[Records from a collection]

· · ·

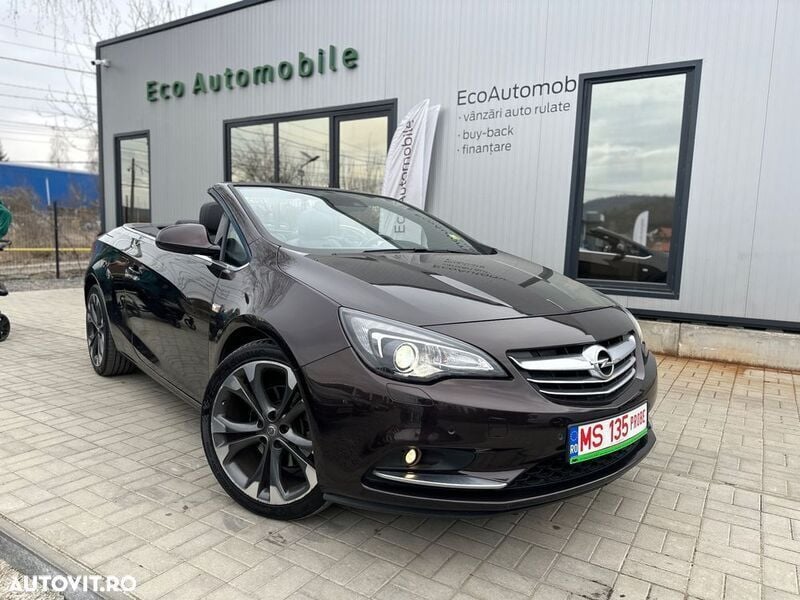 Maro Utilizat 2017 Opel Cascada Cabrio | 10.850 EUR - Imagine 1/4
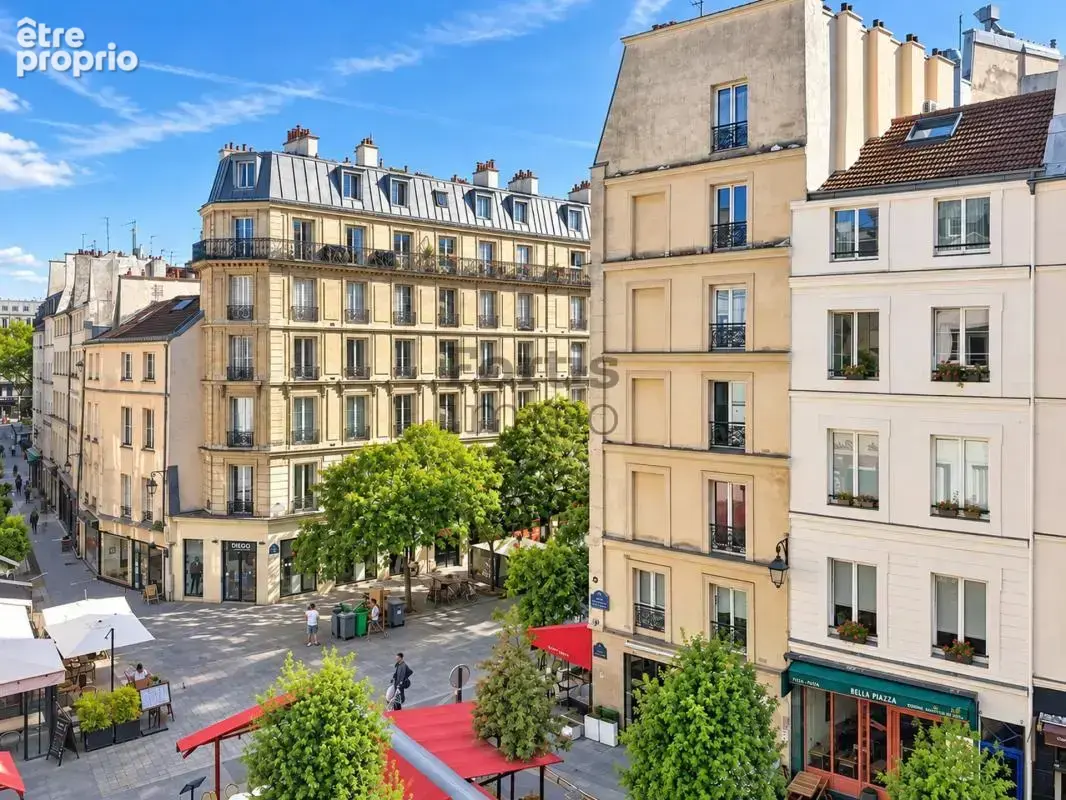 Paris 1 - duplex 99 m² - ascenseur privatif - photo 19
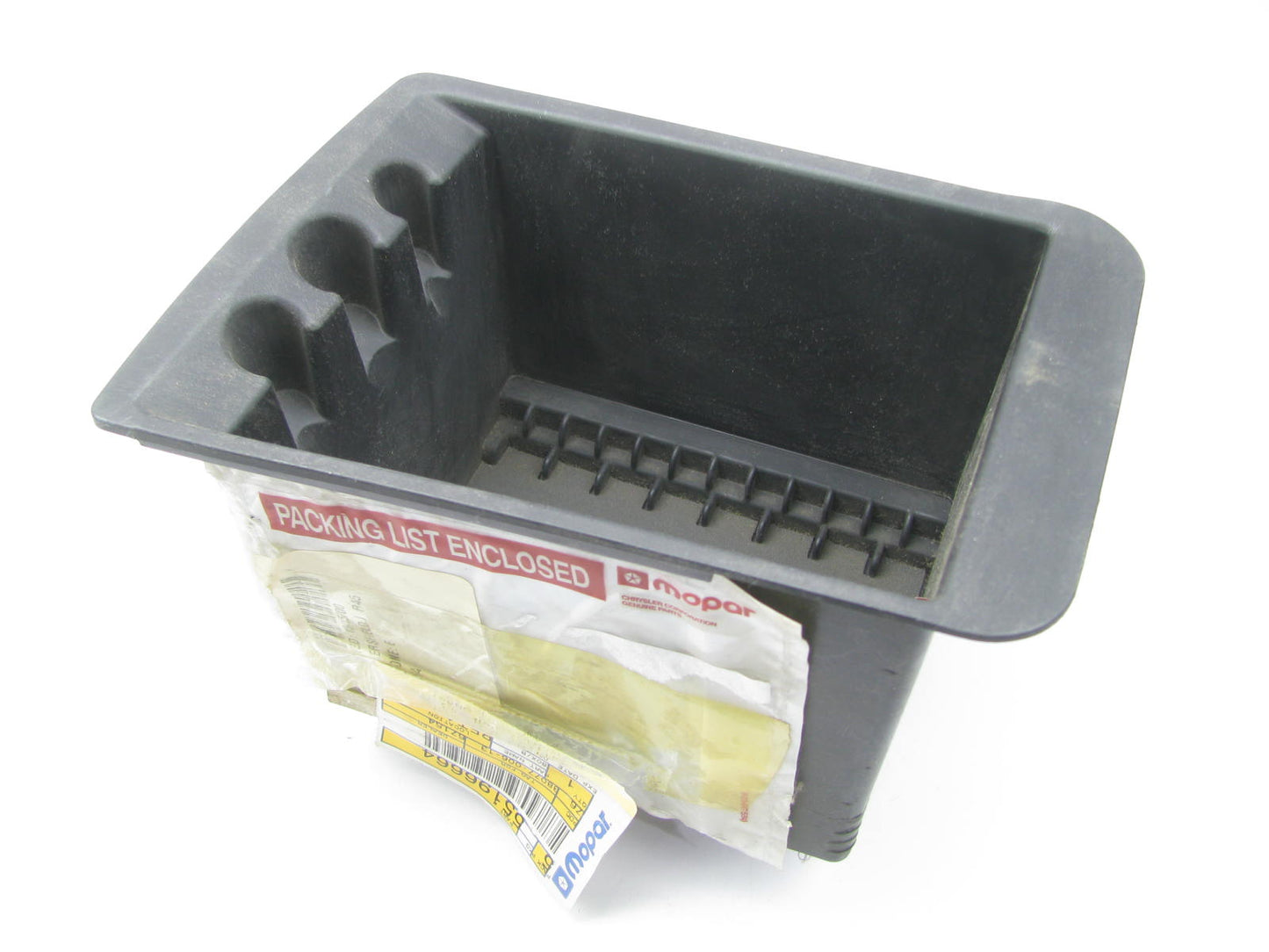 NEW 55196664 Center Console Storage Bin OEM For Mopar 1999-04 Grand Cherokee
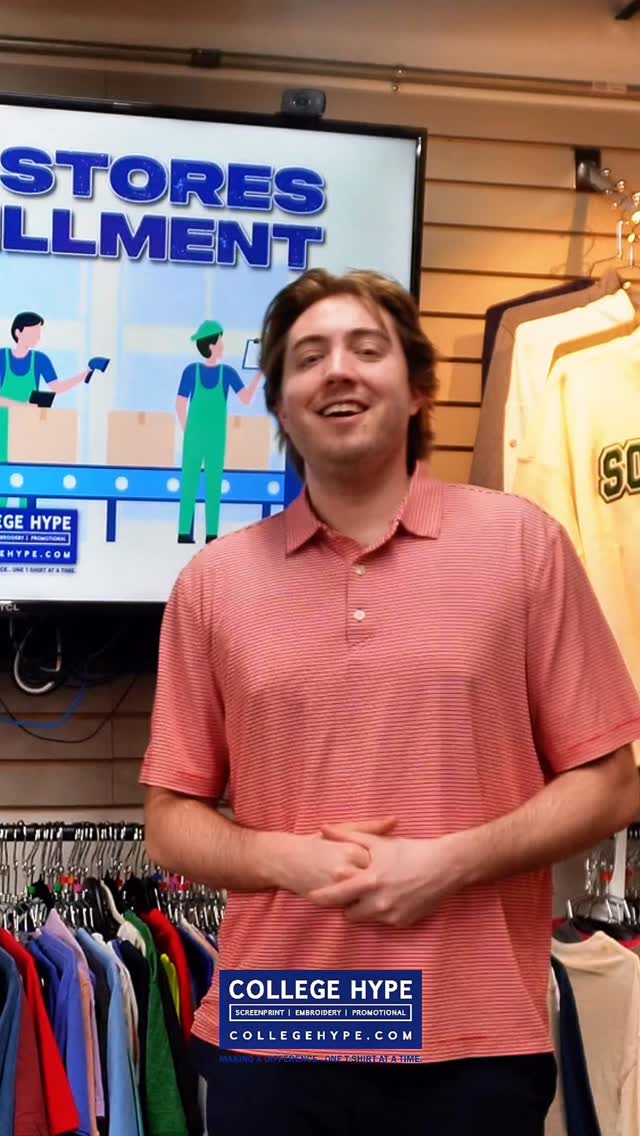 Large company orders can be a hassle—but College Hype makes it easy. 🚀
Ask us about our online stores and fulfillment options to simplify outfitting your crew and cut down the stress. 👕📦✅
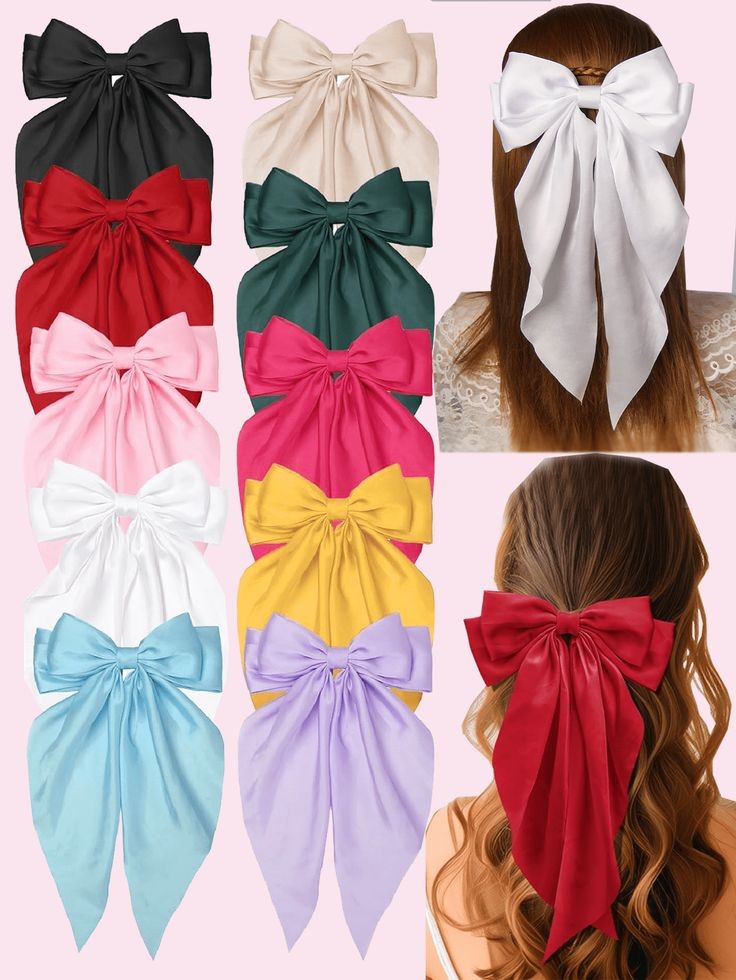 Bow Hair Pin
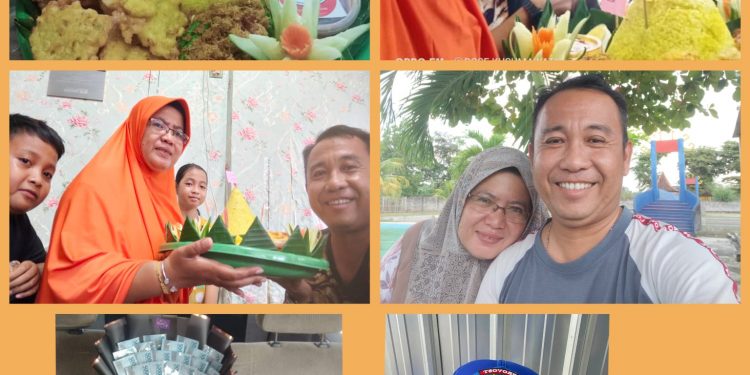 Prada Deyros Alvandra Raindra, Dapat Ucapan Selamat Ulang Tahun Dari Papa dan Mama Serta Keluarga, Kami Doakan Kelak Jadi Prajurit Berprestasi.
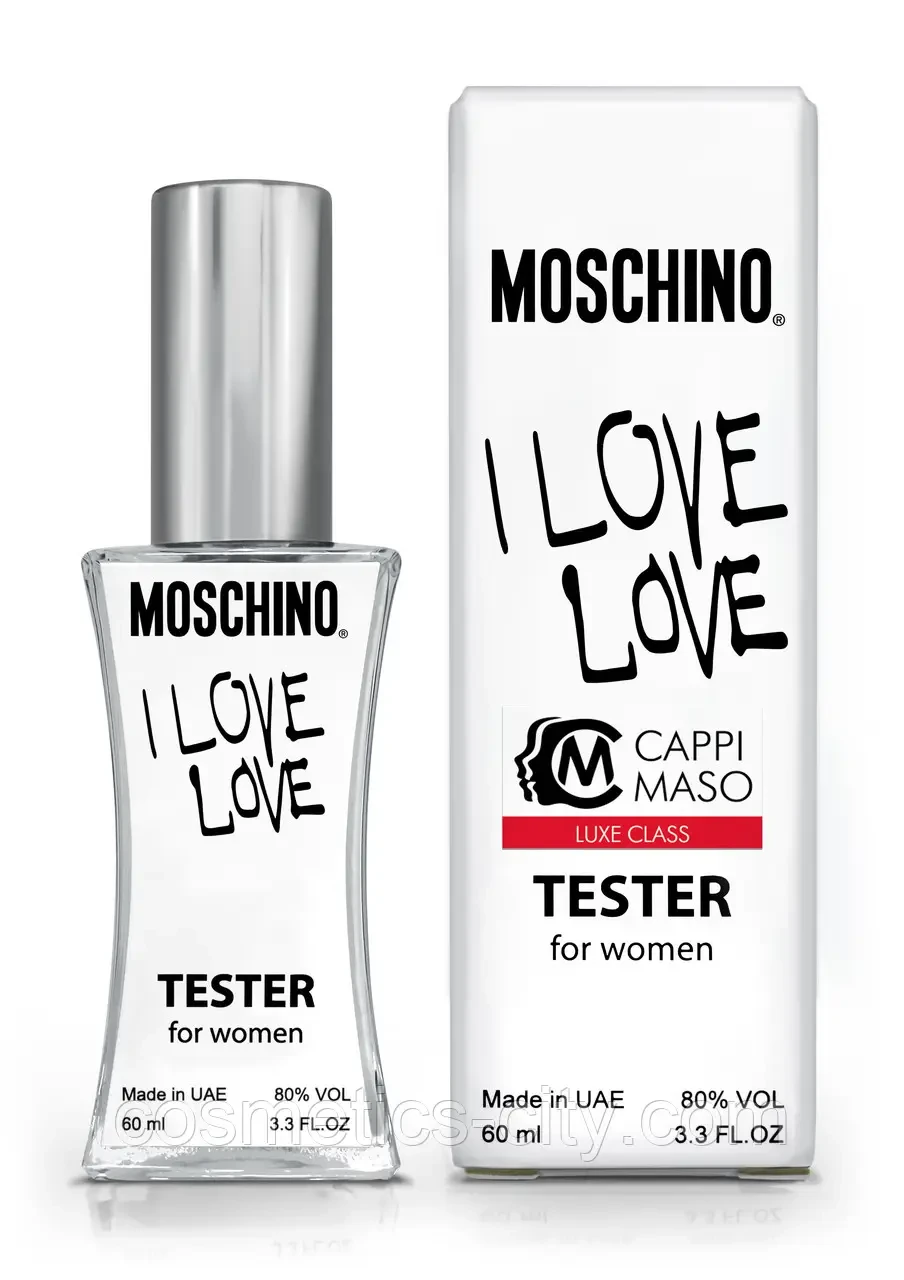 MOSCHINO - Cheap and Chic I Love Love 60 МЛ (Tester Dubai)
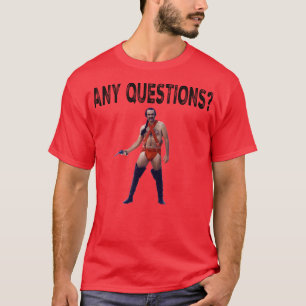 T-shirt Rouge de Zardoz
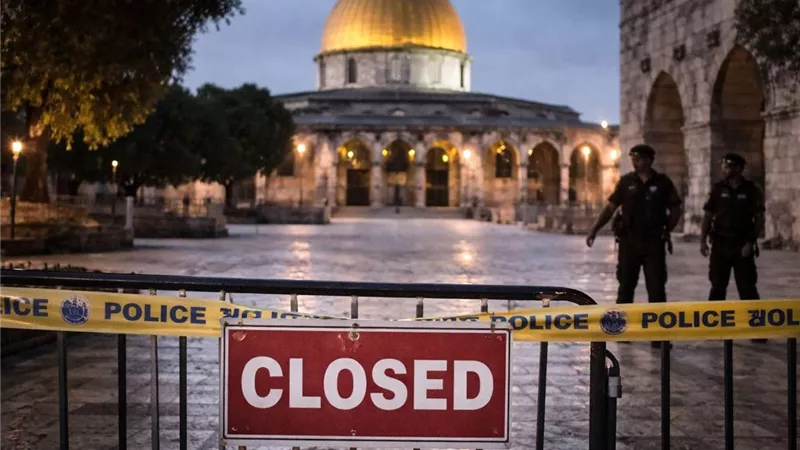 إسرائيل تواصل إغلاق المسجد الأقصى لليوم الـ 32 على التوالي.. هل تفرض واقعًا جديد؟|خاص 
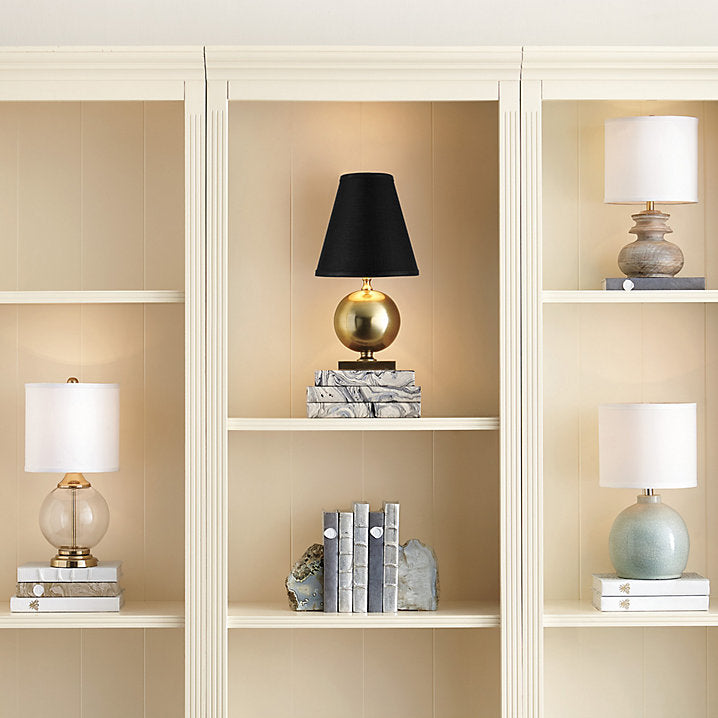 Ballard Designs Montie Mini Accent Lamp - Montie Mini Accent Lamp With Shade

· · ·

**To do**
Each line from the one with "Prada Deyros Alvandra" through the end of the entries should be reproduced exactly. Leave out the pictures.

**Solution to this task**
 Prada Deyros Alvandra Raindra, Dapat Ucapan Selamat Ulang Tahun Dari Papa dan Mama Serta Keluarga, Kami Doakan Kelak Jadi Prajurit Berprestasi.
 MOSCHINO - Cheap and Chic I Love Love 60 МЛ (Tester Dubai)
 T-shirt Rouge de Zardoz
 إسرائيل تواصل إغلاق المسجد الأقصى لليوم الـ 32 على التوالي.. هل تفرض واقعًا جديد؟|خاص 
 Ballard Designs Montie Mini Accent Lamp - Montie Mini Accent Lamp With Shade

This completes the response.